Of the records that follow, copy only the lines from the line containing "7700bet4 Logo" to the line containing "Walking Meetings And", both included, exactly as written.

*Dataset content:*
###

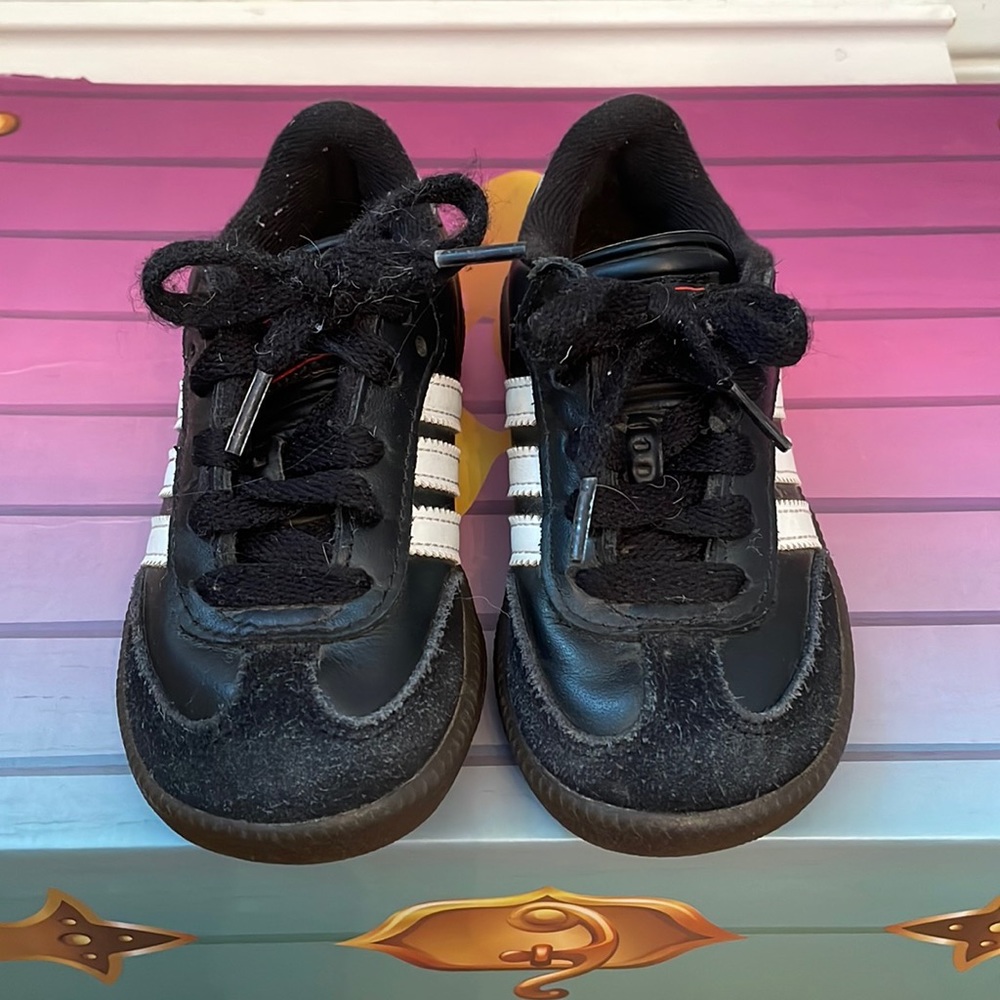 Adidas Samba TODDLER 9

###

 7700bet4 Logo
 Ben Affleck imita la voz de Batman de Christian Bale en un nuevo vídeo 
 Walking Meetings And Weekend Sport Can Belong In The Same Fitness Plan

###

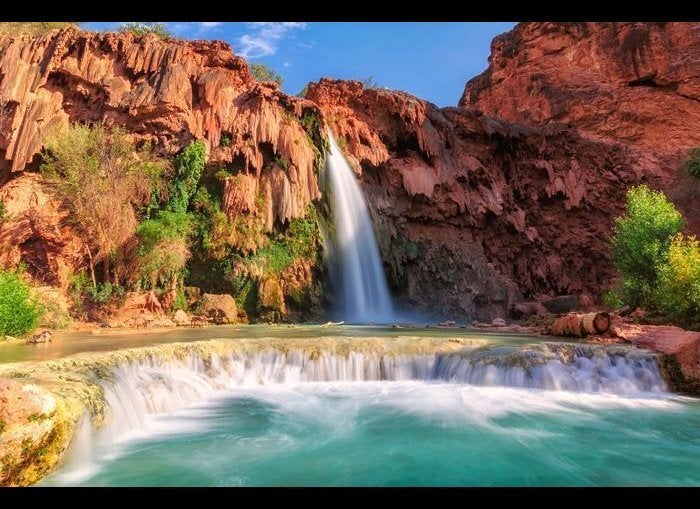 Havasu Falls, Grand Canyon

###

*Answer space:*
 7700bet4 Logo
 Ben Affleck imita la voz de Batman de Christian Bale en un nuevo vídeo 
 Walking Meetings And Weekend Sport Can Belong In The Same Fitness Plan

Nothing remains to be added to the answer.